▶ _INPUT DATA_
/---

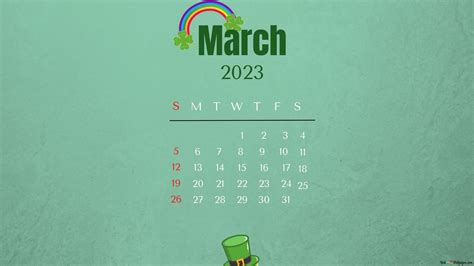 March 2023 Calendar Saint Patricks Day Themed Hd Wallpaper Download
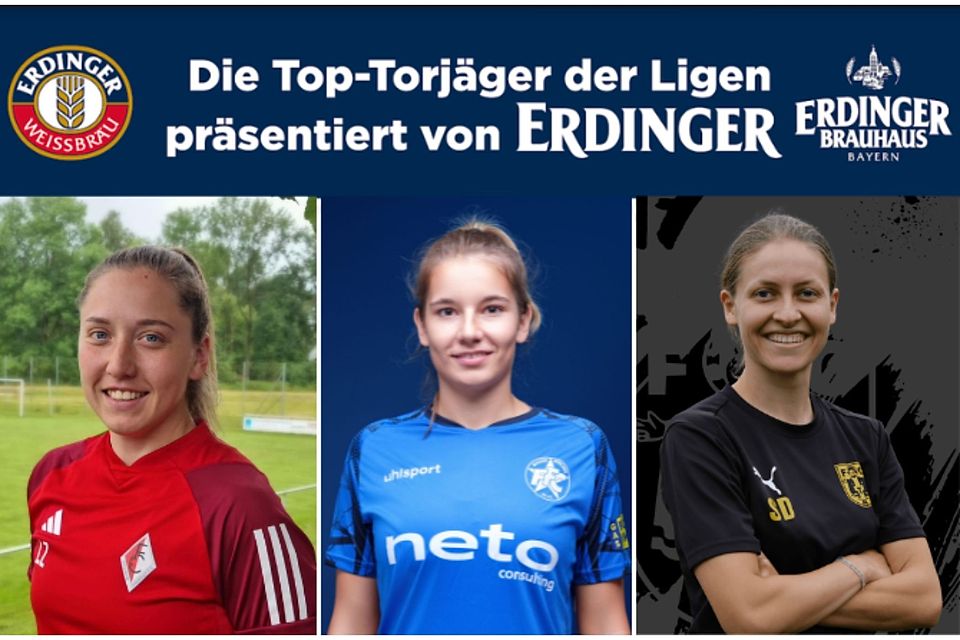 Kira Winter (M.) führt die Liste der Torjägerinnen weiter an. Lena Zaindl (l.) ist ihr dicht auf den Fersen. Sarah Dünkel (r.) belegt auf Platz vier.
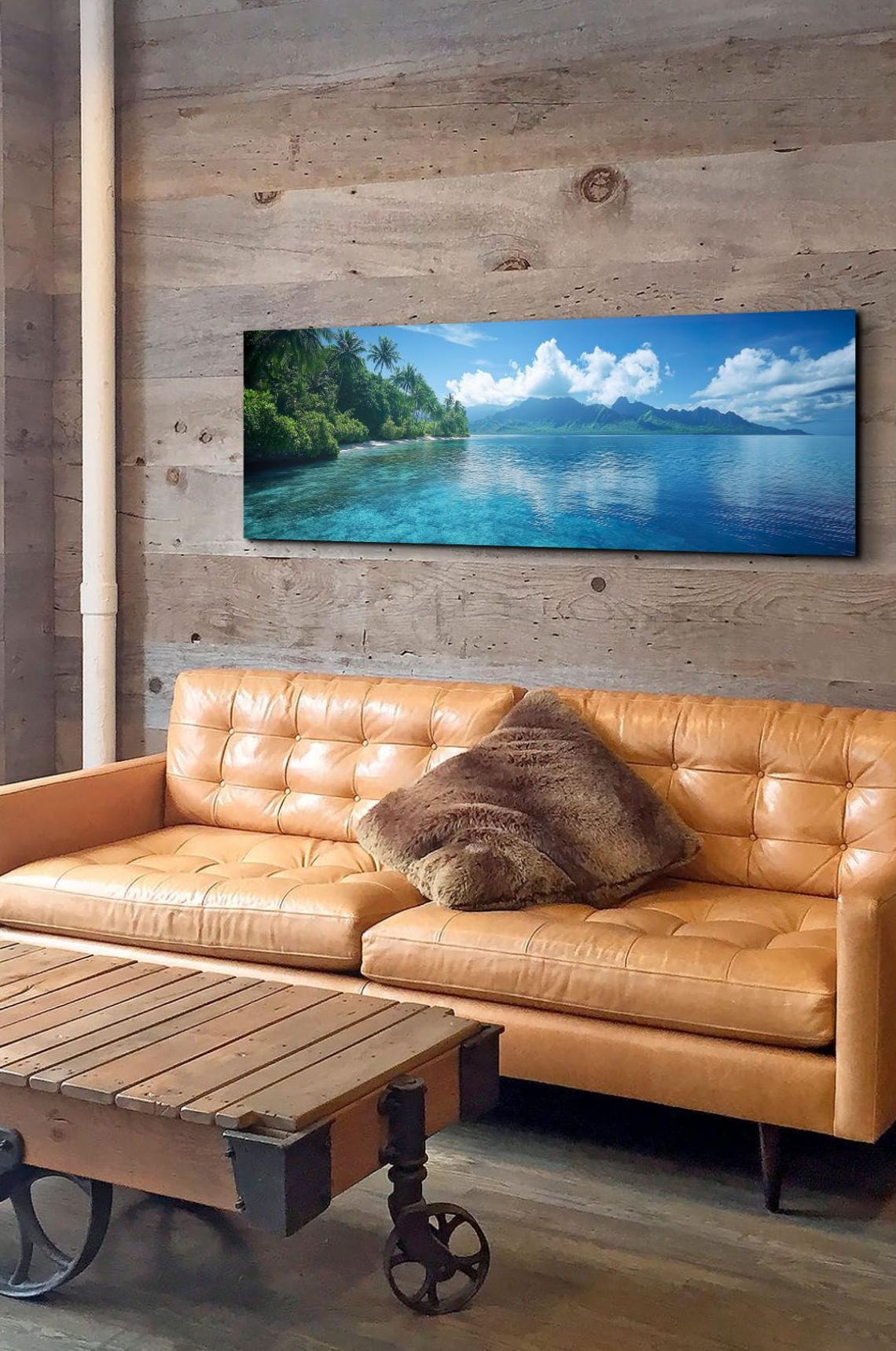 Palm Tree Beach Turquoise Ocean Mountain View Panoramic Poster - Image 7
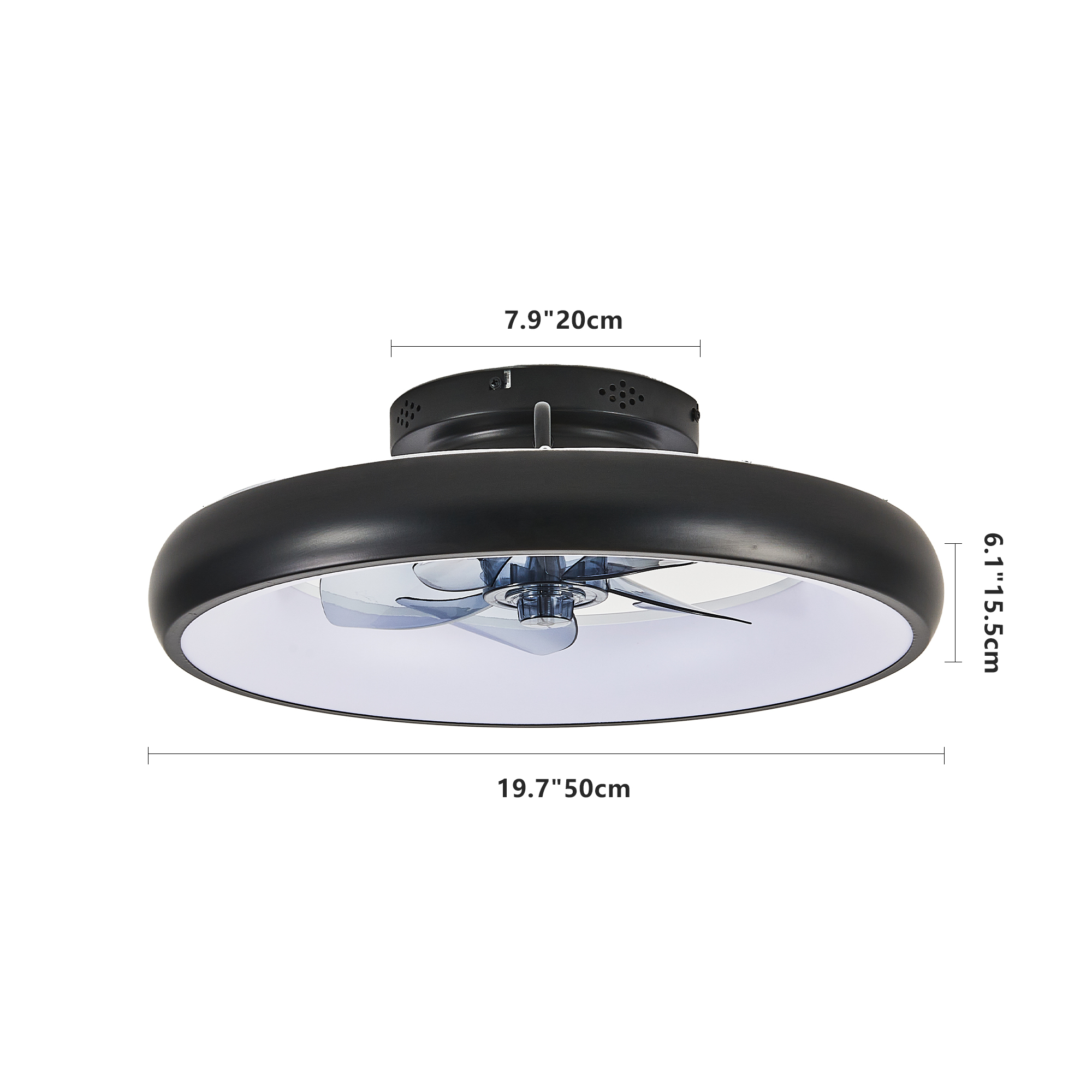 Leumius 20" Black LED Ceiling Fan Light, Dimmable & Adjustable Color Temperature, APP & Remote Control, Modern Smart Ceiling Fan for Living Room, Bedroom and Dining Room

\---

▶ _WORK TO BE COMPLETED_
Print the lines from the line containing "Kira Winter (M.)" through the last line of the listing, exactly as they stand, and leave any pictures out.

▶ _SOLUTION FOR THIS EXERCISE_
 Kira Winter (M.) führt die Liste der Torjägerinnen weiter an. Lena Zaindl (l.) ist ihr dicht auf den Fersen. Sarah Dünkel (r.) belegt auf Platz vier.
 Palm Tree Beach Turquoise Ocean Mountain View Panoramic Poster - Image 7
 Leumius 20" Black LED Ceiling Fan Light, Dimmable & Adjustable Color Temperature, APP & Remote Control, Modern Smart Ceiling Fan for Living Room, Bedroom and Dining Room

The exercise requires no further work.